On remand, the court of appeals concluded that "the special verdict interrogatory, which only required a determination of whether or not the children were in the home, was not specific enough to support an upward departure." Conley III, 2009 WL 3172123, at *2. The court also determined that the sentencing jury was not instructed according to the new requirements of Vance. Id. As a result, the court of appeals remanded the case to the district court for another sentencing trial. Id. at *3.

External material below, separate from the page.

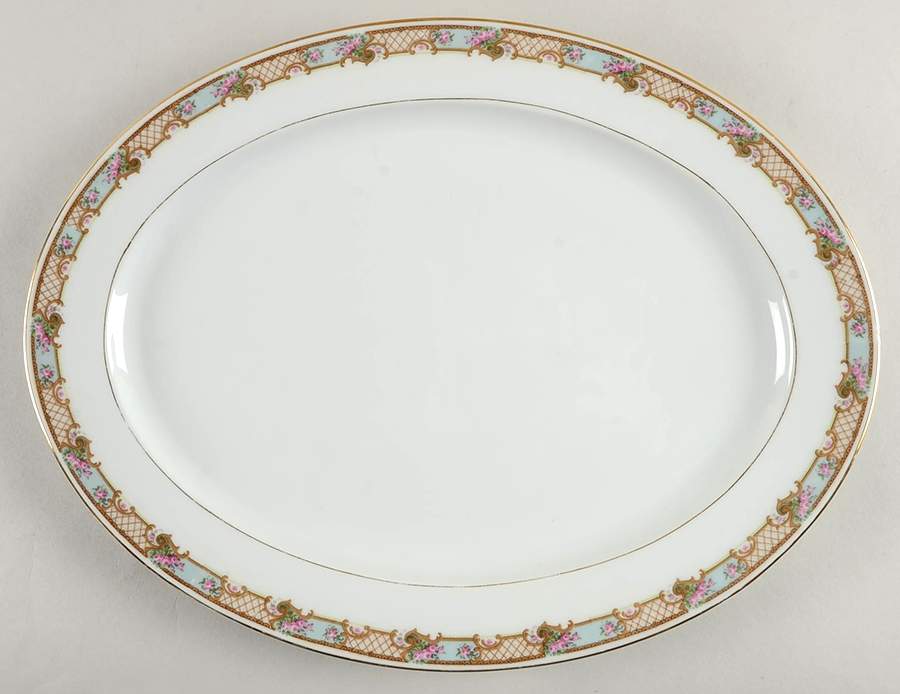 2457 15" Oval Serving Platter by Carl Tielsch-1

Both C.M.J. and Conley testified at the second sentencing trial. At the conclusion of the trial, the sentencing jury determined that C.M.J.'s children actually witnessed the assault and that the presence of her children limited C.M.J.'s ability to escape or resist the assault. (Resp't's App. 286-88, Ex. 22.) Based on these findings, the district court sentenced Conley to 300 months in prison for the third time. Conley again appealed this conviction to the Minnesota Court of Appeals, which affirmed Conley's conviction on February 6, 2012. Conley IV, 2012 WL 360385, at *6. In that appeal, Conley argued that the evidence was insufficient to support the Blakely jury's findings, that the 300-month sentence for his first-degree criminal sexual assault conviction was unsupported by the evidence, and that his sentence unduly exaggerated the criminality of his conduct. Id. at *1. The court of appeals rejected each of these arguments. Id. at *3-5. And it again rejected the arguments that Conley raised in a pro se supplemental brief, noting that they had all been waived because Conley failed to raise them before the district court. Id. at *6.

Conley filed a petition for review with the Minnesota Supreme Court on March 6, 2012. (Resp't's App., Ex. 26.) The following day, the Minnesota Supreme Court Commissioner rejected Conley's petition for review because it improperly included a pro se supplemental petition in its appendix, but the Commissioner gave Conley seven days to submit a corrected petition. (Resp't's App., Ex. 27.) Conley submitted a corrected petition for review on March 13, 2012. (Resp't's App., Ex. 28.) In the corrected petition for further review, Conley raised the following issues: (1) the admissible evidence was not sufficient to support the Blakely jury's findings; and (2) the aggravated 300-month sentence Conley received unfairly exaggerated the criminality of his conduct. ( Id. ) The Minnesota Supreme Court denied Conley's corrected petition for review on April 25, 2012. (Resp't's App., Ex. 29.) And on May 2, 2012, the Minnesota Court of Appeals entered judgment against Conley. (Resp't's App., Ex. 30.)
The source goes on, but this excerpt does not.